'Writing for me is not about speeling, grammar or punctuation – that’s why we have editors.... No, writing for me is the ability to capture a story and put it in words.' - Fantasy Muse

Thursday, 15 December 2016

The Wolves of War

The Wolves of War by Greg Curtis.


Front Cover






Synopsis

Briagh has a secret. He's a morph. One born with the gift of changing shape. He has another secret too. He's also a thief. A genuine cat burglar. 
Meanwhile Elan has her own secret. Despite pretending to be a bardic warrior she's actually the Princess of Abylon. And she too has a second secret. Her entire family is mad. 
Her father and brothers are unfit to rule. Her mother is not dead as people believe. Instead she's become the psychotic wolf mother, whose pack has been killing and devouring the people of the city for a decade.
And then there's the Court and their little secret. They rule the Kingdom of Abylon even though they do not have the right.
Secrets are useful things. They allow people like Elan and Briagh to live normal, even comfortable lives. They allow a kingdom to be governed by those who do not have the authority. They make life for the people of Abylon possible. 
But when their secrets are revealed, none of those things may hold. And when the wolf mother is the reason for that revelation – it may be war.

My Review


For those of you who who follow my blog will probably know that I am a huge fan of Greg Curtis. If you didn't, then you do now. I've read most of his books, and I enjoy the formular he uses in his stories - the quite, reclusive main character, shunned by society, who has talents that requires him to become a hero to his people. I guess I'm a sucker for those types of storylines.

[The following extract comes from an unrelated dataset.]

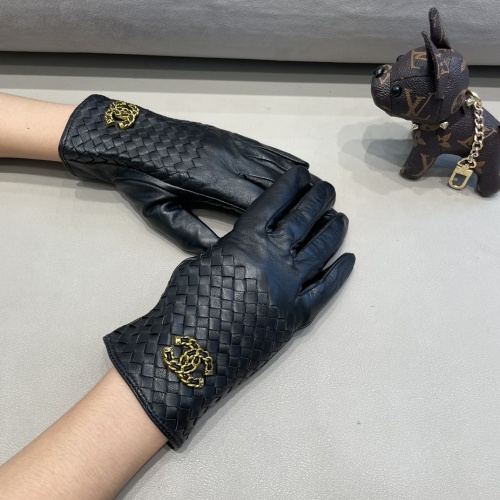 Replica Chanel Gloves For Women #1244598 $52.00 USD for Wholesale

Moving on to this book, the main character is Briagh who is a Morph, born with the ability to change shapes. He is also a thief that has a tendency to run when the going gets tough.

The other main character is Elan, Princess of Abylon. She is a fierce, strong willed woman who wants to kill all Morphs due to the tragedy that befell her family.

The storyline follows both Briagh and Elan who become involved when a crazed woman leading a pack of wolves begins to attack the city of Absynth. 

I guess I had high expectations before reading this and I certainly wouldn't say I was let down but I have to admit it's not one of Curtis's best works. The storyline for me felt a little bit fanciful and did not flow as well as his other books. 

I did however like the main character Briagh, he had a bit more backbone than what you usually get and was enjoyable to read. As for Elan, she had a remarkable personality (basically a psychopath) and one I won't be forgetting in a long while. It was nice to get that contrast between Briagh and Elan.

Conclusion


If you're fan of Greg Curtis then you know what you're getting into, and this book naturally follows his previous novels, and whilst not his best, you still get that satisfying feel.

If you haven't read his books before then I would suggest trying his other novels first like 'The Godlost Land', 'Banshee Hunt' or 'The Lady's Man'.